Date:         Thu, 4 Jan 2007 23:25:58 -0800
Reply-To:     David L Cassell <davidlcassell@MSN.COM>
Sender:       "SAS(r) Discussion" <SAS-L@LISTSERV.UGA.EDU>
From:         David L Cassell <davidlcassell@MSN.COM>
Subject:      Re: FW: Calculating differences between team members
In-Reply-To:  <000301c7301c$88869f50$0300a8c0@TARALAPTOP2>
Content-Type: text/plain; format=flowed

twernsing@YAHOO.COM wrote back:
>-----Original Message-----
>From: SAS(r) Discussion [mailto:SAS-L@LISTSERV.UGA.EDU] On Behalf Of Tara
>Wernsing
>Sent: Thursday, January 04, 2007 9:09 AM
>To: SAS-L@LISTSERV.UGA.EDU
>Subject: Calculating differences between team members
>
>Hi all~
>I am trying to calculate a formula where I need the sum of the squared
>differences between 3 people on a team (I have 24 teams of 3 people) for
>the
>same variable.
>
>so for example, for attitude toward a team project, I need to calculate the
>value of one team member's attitude score subtracted from the second
>member,
>and then subtracted from the third member.
>then square each difference, and sum up all three sq differences.
>
>I can figure out the latter part, but having trouble figuring out how I can
>hold the first person's value in memory, while getting the second person's
>value (could use _point ?) and doing the subtraction but then also a
>needing
>the third person's value (can I use another _point--can't seem to figure
>out
>how in the same do loop)?
>
>any ideas are appreciated! thanks, Tara
>
>Tara Wernsing
>Doctoral Candidate
>University of Nebraska-Lincoln
>Gallup Leadership Institute
>   <http://www.gli.unl.edu/> www.gli.unl.edu
>--
>"People take different roads seeking fulfillment and happiness. Just
>because
>they're not on your road doesn't mean they have gotten lost." ~Cesare di
>Bonesana Beccaria

>
>one more complexity to this---I need it to produce an individual level
>score
>for each person (for each ID in my data), not team level score.
>So this score will differ for each person on the team.  Below is an excerpt
>from an article that used this measure that explains this in words:
>
>**********************
>Tsui, Egan, Oreilly 1989. Being Different. Administration Science
>Quarterly.
>
>
>The relational demography score is the difference between an individual and
>all other individuals in the work unit (i.e., the sample) on a specific
>demographic attribute, using a formula similar to that used by O'Reilly,
>Caldwell, and Barnett (1989) and by Tsui and O'Reilly (1989).
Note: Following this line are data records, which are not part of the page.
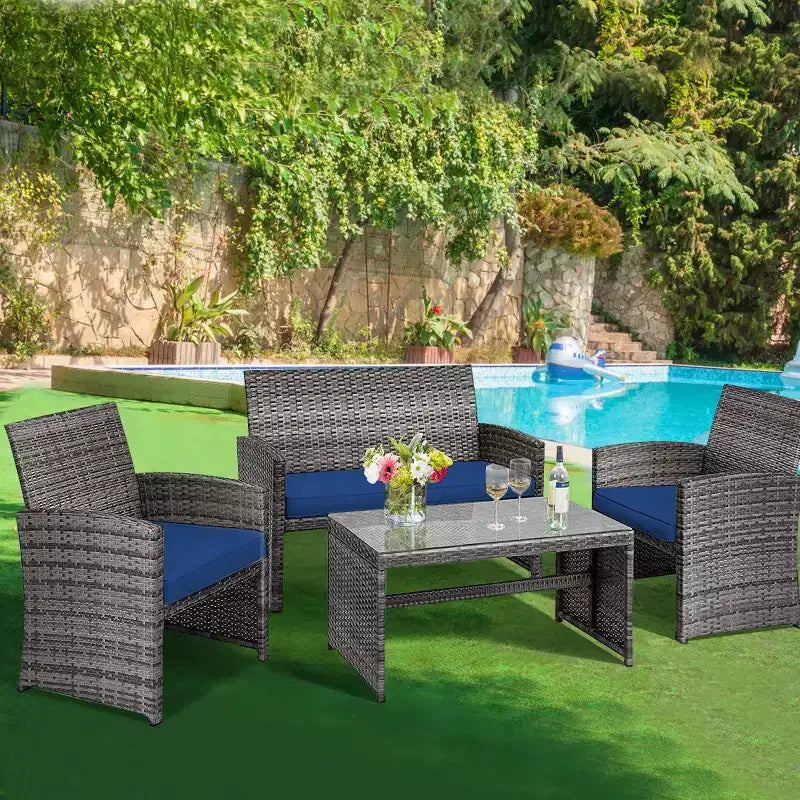 Set di mobili da patio Costway da 4 pezzi in rattan, per conversazione, con piano del tavolo in vetro e imbottitura, Turchese/Rosso/Grigio/Beige/Blu navy/Nero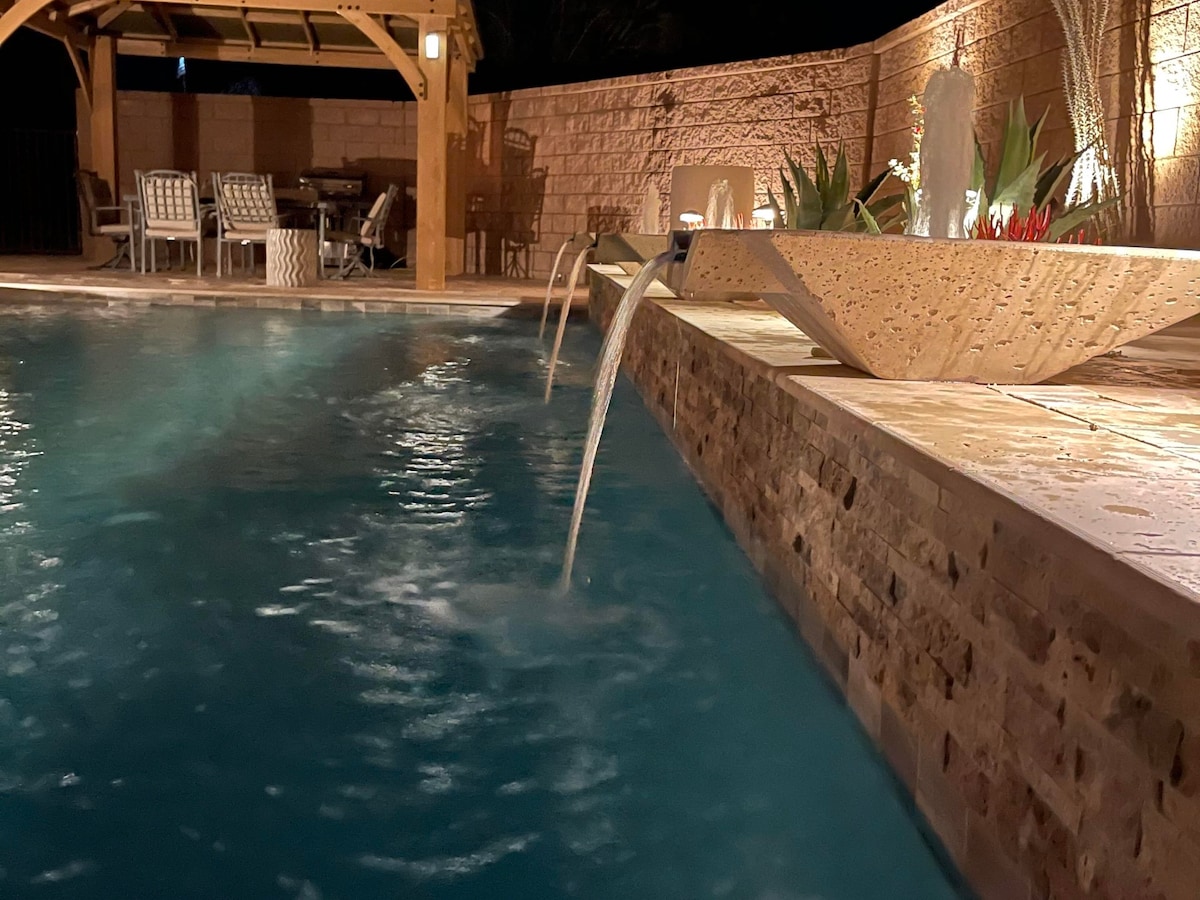 A tranquil pool area is featured, highlighted by gentle water cascading from a decorative stone feature into the clear blue water. Comfortable seating is arranged nearby under a wooden structure, surrounded by softly illuminated plants, creating a serene outdoor environment.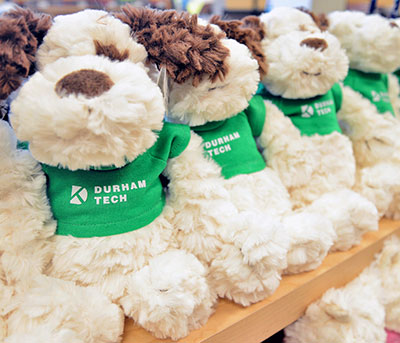 plush dogs wearing Durham Tech t-shirts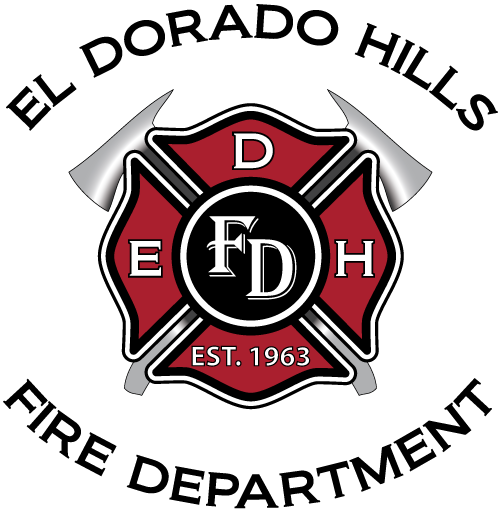 Fire department emblem with axes, established in 1963.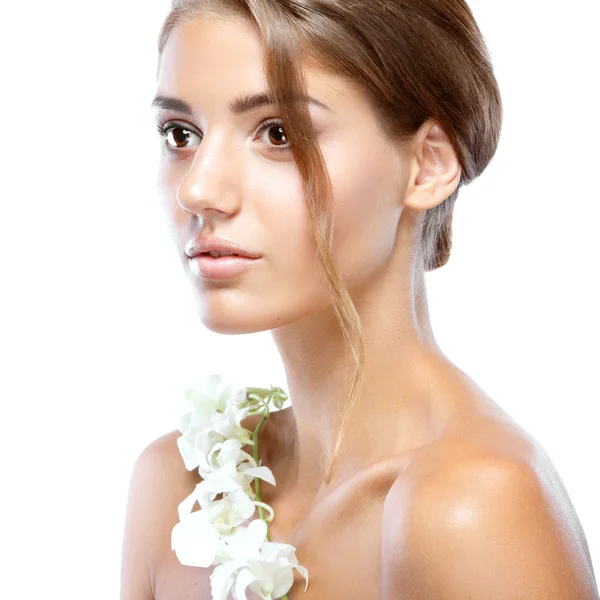 Jovem mulher com rosto claro natural compõem seu cabelo com uma flor branca em um fundo claro — Fotografia de Stock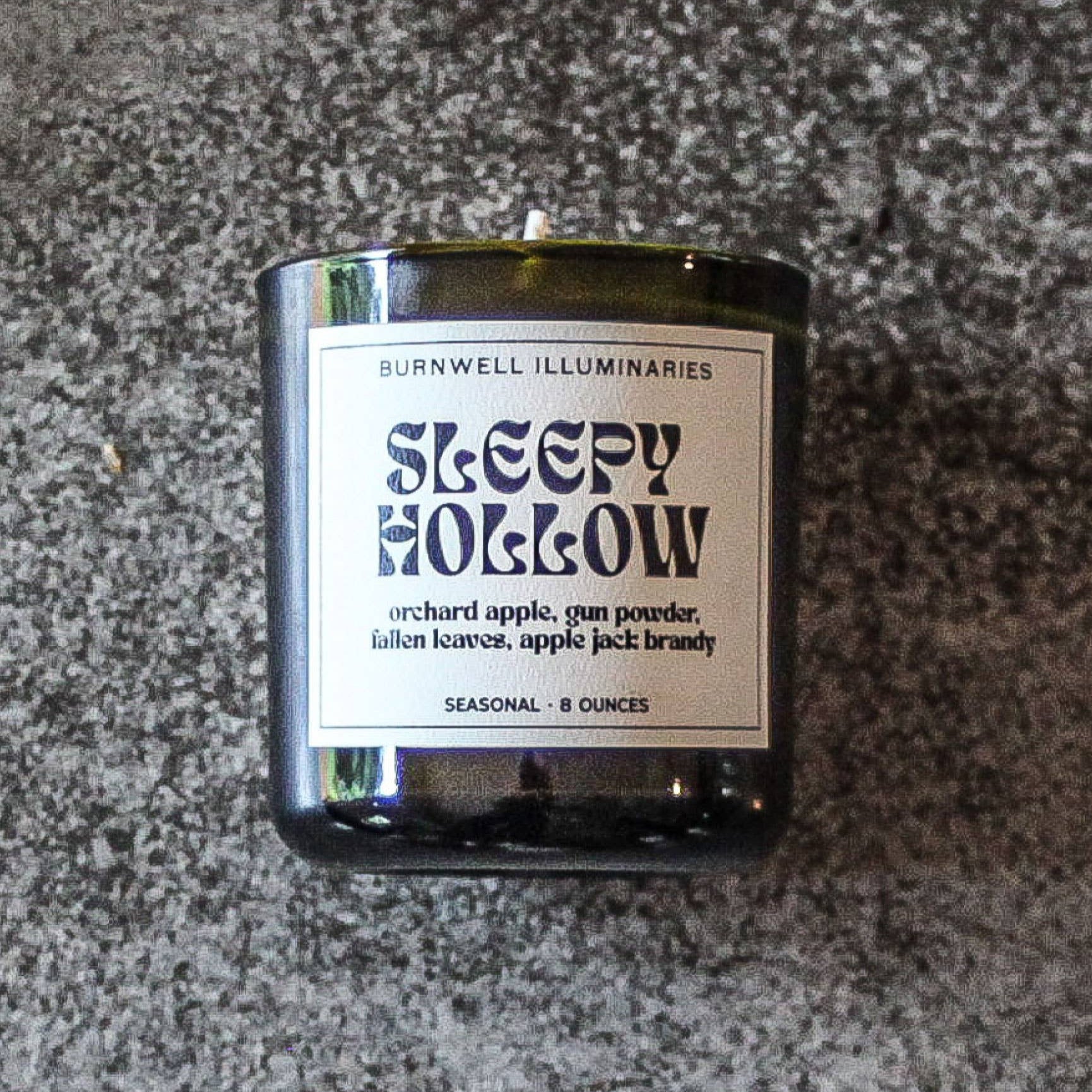 Candle labeled 'Sleepy Hollow' by Burnwell Illuminaries on a textured surface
It is the
>square root of the summed squared differences between an individual S,'s
>value on a specific demographic variable and the value on the same variable
>for every other individual Si in the sample for the work unit, divided by
>the total number of respondents in the unit (n). The following formula was
>used for this calculation:
>
>SQRT of (1/n)*[SUM (Si - Sj)**2]
>
>i=target individual member
>J=each other team members
>
>A relational measure was derived for each demographic variable. Differences
>in age, company tenure, and education were measured in years. Differences
>in
>gender and race were measured by a score ranging from zero to approaching
>but never reaching 1.00. For example, a man in a work unit of two men and
>three women would have a relational score of .77 on gender, 0 for being the
>same as the other man and 3 for being different from each of the three
>women. We would then divide the score of 3 by 5 and take the square root of
>the result. Each of the two women, in turn, would have a relational score
>of
>.63. A score of .999 could be obtained by someone who is the sole minority
>member (on either gender or race) in an extremely large group .4
>
>The relational score on race was computed by considering the differences
>among all the racial groups in the work unit. In a work unit with one
>African-American, one Asian, and two whites, the relational score for the
>African-American and the Asian, respectively, would be 3 (1 for being
>different from each other and 2 for being different from each of the two
>whites), 2 for each of the two whites (1 for being different from the
>African-American, 1 for being different from the Asian, and 0 for being
>different from each other).
>
>All the relational measures were scaled in such a way that a large value
>always connotes a large difference. The individual with a large score on a
>relational measure differs more, in terms of that-specific demographic
>attribute, from other individuals in the work unit (i.e., the sample) than
>another individual with a small score. The actual scores observed on the
>relational age and tenure measures ranged from zero to 30 and on the
>relational education measure ranged from zero to 15. The actual scores
>ranged from zero to .99 for both the relational gender and race measures.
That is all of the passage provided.